1 lb butter brought to room temperature

Fresh garlic

Split Italian bread lengthwise horizontally. Depending on how much garlic you like, mince garlic cloves (I do about 6) and put garlic and softened butter into bowl. Mix thoroughly, spread onto bread halves (it will be pretty thick) then toss into preheated 400 degree oven for about 8-10 minutes. Depending on your oven you might want to check at 8 minutes. When the edges of the bread are brown and the garlic butter has melted into the bread, you're good to go. If you want cheese, just put it on top of garlic butter before you put it in the oven! Parmesan, Romano and Asiago are my faves!


----------



## swinchen (Dec 4, 2004)

1 pound of butter per loaf   

Wow.  Sounds Good!


----------



## Lifter (Dec 5, 2004)

In the stores here, we get "euro-breads"...crust like a "French Roll", interior still somewhat damp and sweet...

Cut away the end, and slice 3/4" thick, butter heavily with the "garlic spread" that is not butter based, but rather oleo or olive oil (both of which are better for health!)...(both sides!)

Anyways, into a pre-heated frying pan, and about 1.5 minutes until toasted nicely...

Flip the bread, and cover with a layer of Provolone, shredded Asiago, mozza (pick your poison!)(if you want to compare gruyere, here's your opportunity!)...turn the heat off, or down, cover the pan, and leave sit for 60-90 seconds, depending on the stovetop you are working from and pan...

Cut and serve...

If you want to kick it up a lot... make the bruschetta mix of seeded fresh tomato, finely diced, drained of juices, cut fresh basil, a scoop of grated garlic, a "dash" of sea salt, a bit of fresh ground pepper, stirred and mixed...or go "all the way" with a few strips of proscioutto (sp?)...but choose your own level...

Lifter...


----------



## Haggis (Dec 5, 2004)

Largely depends on what kind I want.

If the dish is quite rich already or it is quite saucy I just get a Ciabatta or other similar style Italian loaf, cut it as thick as you want (generally about 1cm) either grill/toast etc until it is browned then get a clove of garlic, cut in half, and rub the cut side of the garlic on the bread. The bread (provided you have toasted it enough) should act like sandpaper on the garlic. Give it a good drizzle of extra-virgin olive oil and maybe some cracked black pepper if you want and thats it. Since the garlic is raw it is quite potent and you dont need a large amount.

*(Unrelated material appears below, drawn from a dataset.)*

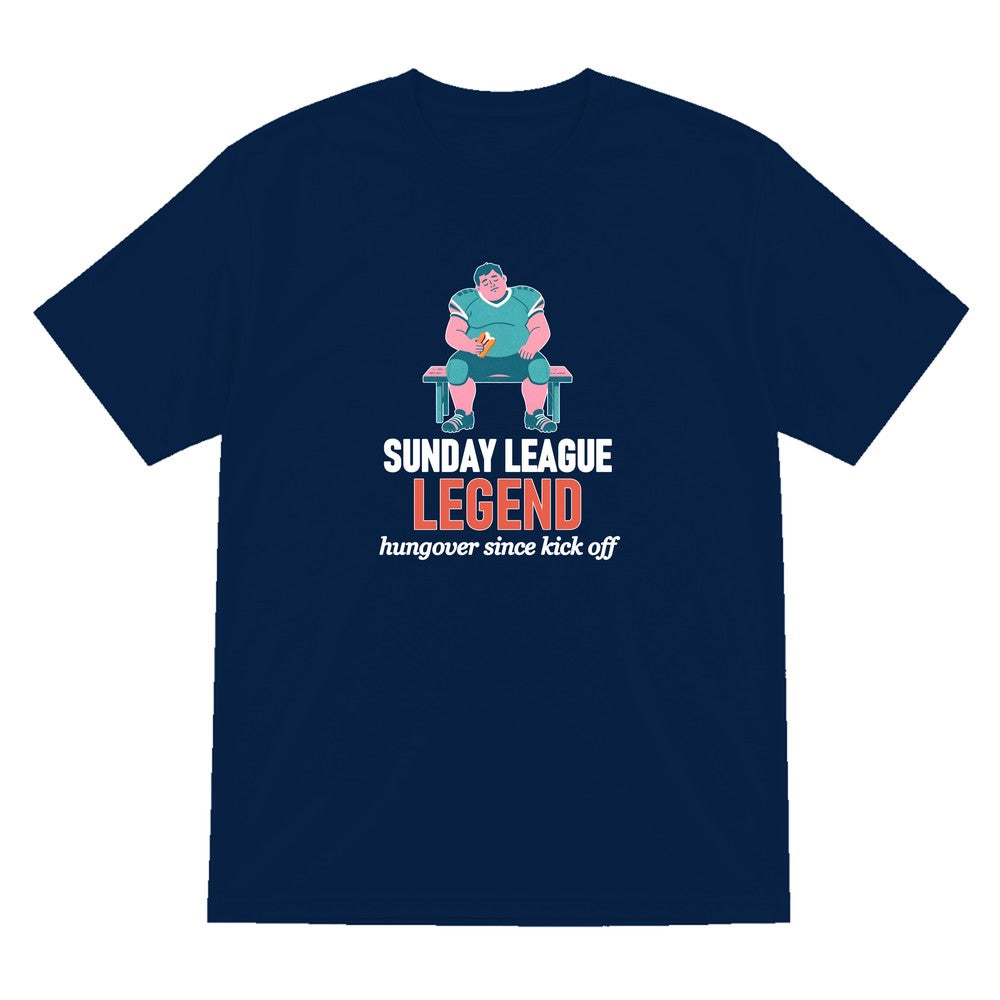 Sunday League Legend Hungover Since Kick Off Funny Sunday League Football T-Shirt & Sweatshirt T-Shirt in Navy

For a richer perhaps more common garlic bread I just allow some butter or margarine to soften, mince/crush some garlic cloves and mix it through then spread very liberally on the loaf or individual slices and bake in the oven.


----------



## buckytom (Dec 6, 2004)

1 loaf semolina bread
1 stick butter
5 tbsps finely chopped garlic (do not use pre-chopped, do it fresh)
1/2 tsp dried oregano
sea salt and pepper

soften butter and blend in garlic and oregano. slice semolina bread in half lengthwise, and spread butter mix evenly inside bread. add salt and pepper to taste, and place open/buttered side up under broiler until the butter melts and the edges of the bread begin to toast.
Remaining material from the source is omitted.